Conservative book publisher Regnery, which has published major conservative authors such as Mark Levin and Ann Coulter, has made a startling announcement: They no longer want anything to do with the New York Times’s best-sellers list. According to the Associated Press, “Regnery is annoyed that its book [Dinesh D’Souza’s] ‘The Big Lie: Exposing the Nazi Roots of the American Left’ was only No. 7 on the Times’ latest best-sellers list even though another organization that tracks sales ranked it No. 1.” Once upon a time, marketing a book or author as a “New York Times best-seller” was essential for book marketing. In the past, Regnery books have dominated the Times’s list, and if they suspect the Times is engaged in chicanery here, well, they’re hardly the first to accuse the Times of monkeying with the list.
In 1983, Exorcist author William Peter Blatty sued the Times for $9 million, claiming that the Times hadn’t listed the book for more than single week because of “intentional negligence and injurious falsehood,” even though it had sold 84,000 copies. The Times’s legal defense was an, ahem, novel one: The list was an editorial product, not a strict accounting of which books sold the most copies. The courts sided with the Times, though Blatty appealed it all the way to the Supreme Court, which declined to hear his case. Though the Times triumphed, soon after the Blatty case, it began hedging its bets and appended fine print to the list explaining that the sales figures were statistically adjusted.
At the same time the list relies on editorial input, there have been a number of documented instances of marketing firms successfully putting a book on the list through strategic purchases. If you’ve published a book and got a spare couple hundred thousand dollars lying around, there’s a good chance you, too, can be a New York Times best-selling author.

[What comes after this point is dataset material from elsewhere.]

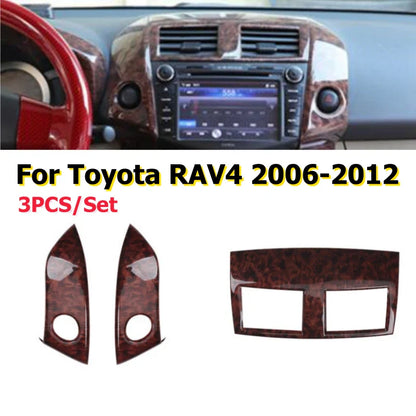 3 x Wood Grain Center Console Frame Cover for Toyota RAV4 (2006–2012)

Because of this, the Times has become vigilant about authors trying to game the list—although, the Times has also used this as a rationale for possibly downplaying the success of conservative writers. In 2015, Ted Cruz’s book A Time For Truth was knocked off the list because it alleged an “overwhelming preponderance of evidence was that sales [of Cruz’s book] were limited to strategic bulk purchases.” Cruz’s presidential campaign issued a blistering response, accusing the Times of “blatant falsehood” and “partisan bias.” They further demanded theTimes publicly release their evidence that Cruz was trying to buy his way on to the list, and if they could not produce evidence, apologize to Cruz. The Times had no response.
Regnery is now betting that influence of the Times’s best-sellers list is already waning in the era of Amazon, and the odds may favor them. In the meantime, it’s worth remembering that like the rest of the Times, the best-sellers list isn’t a strict accounting of what happened—it’s very reflective of the paper’s politics.